BERT and Masked Language Models
What
BERT (Bidirectional Encoder Representations from Transformers): a pretrained transformer encoder that understands text by looking at context from both directions.
Pretraining
- Masked Language Modeling: mask 15% of tokens, predict them from surrounding context
- “The [MASK] sat on the mat” → “cat”
- This forces the model to understand context deeply
Fine-tuning
Take pretrained BERT, add a small head, fine-tune on your task:
from transformers import AutoModelForSequenceClassification, AutoTokenizer
tokenizer = AutoTokenizer.from_pretrained("bert-base-uncased")
model = AutoModelForSequenceClassification.from_pretrained(
"bert-base-uncased", num_labels=2
)
inputs = tokenizer("This movie is great!", return_tensors="pt")
outputs = model(**inputs)Use cases
- Text classification (sentiment, topic, intent)

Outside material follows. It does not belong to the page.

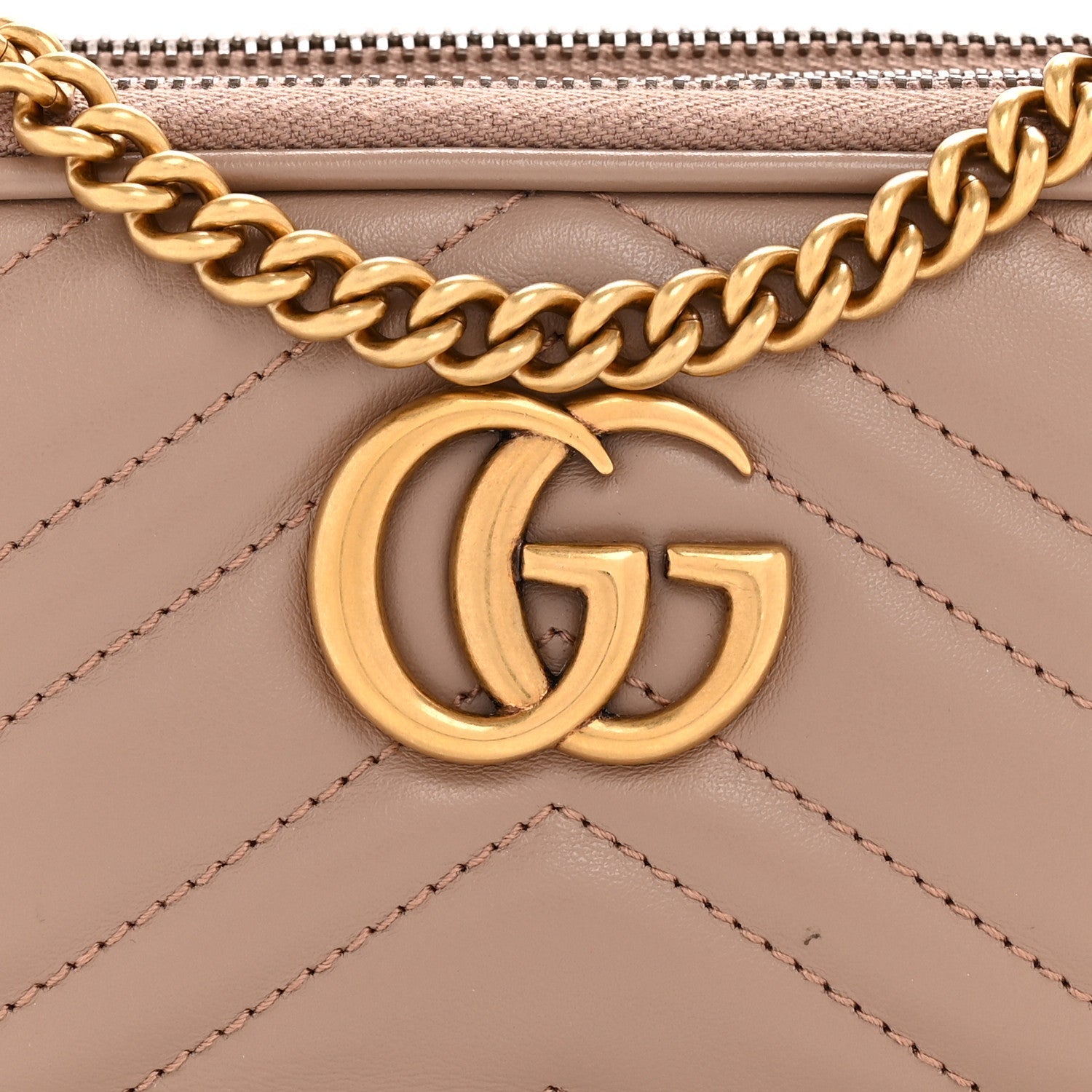 Calfskin Matelasse Mini GG Marmont Chain Crossbody Bag Porcelain Rose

- Named entity recognition
- Question answering
- Sentence similarity
- Any task that requires understanding text (not generating)
Variants
| Model | Notes |
|---|---|
| BERT | Original, English |
| RoBERTa | Better training, no NSP, more data |
| DistilBERT | 60% size, 97% performance — for production |
| DeBERTa | Disentangled attention, often best |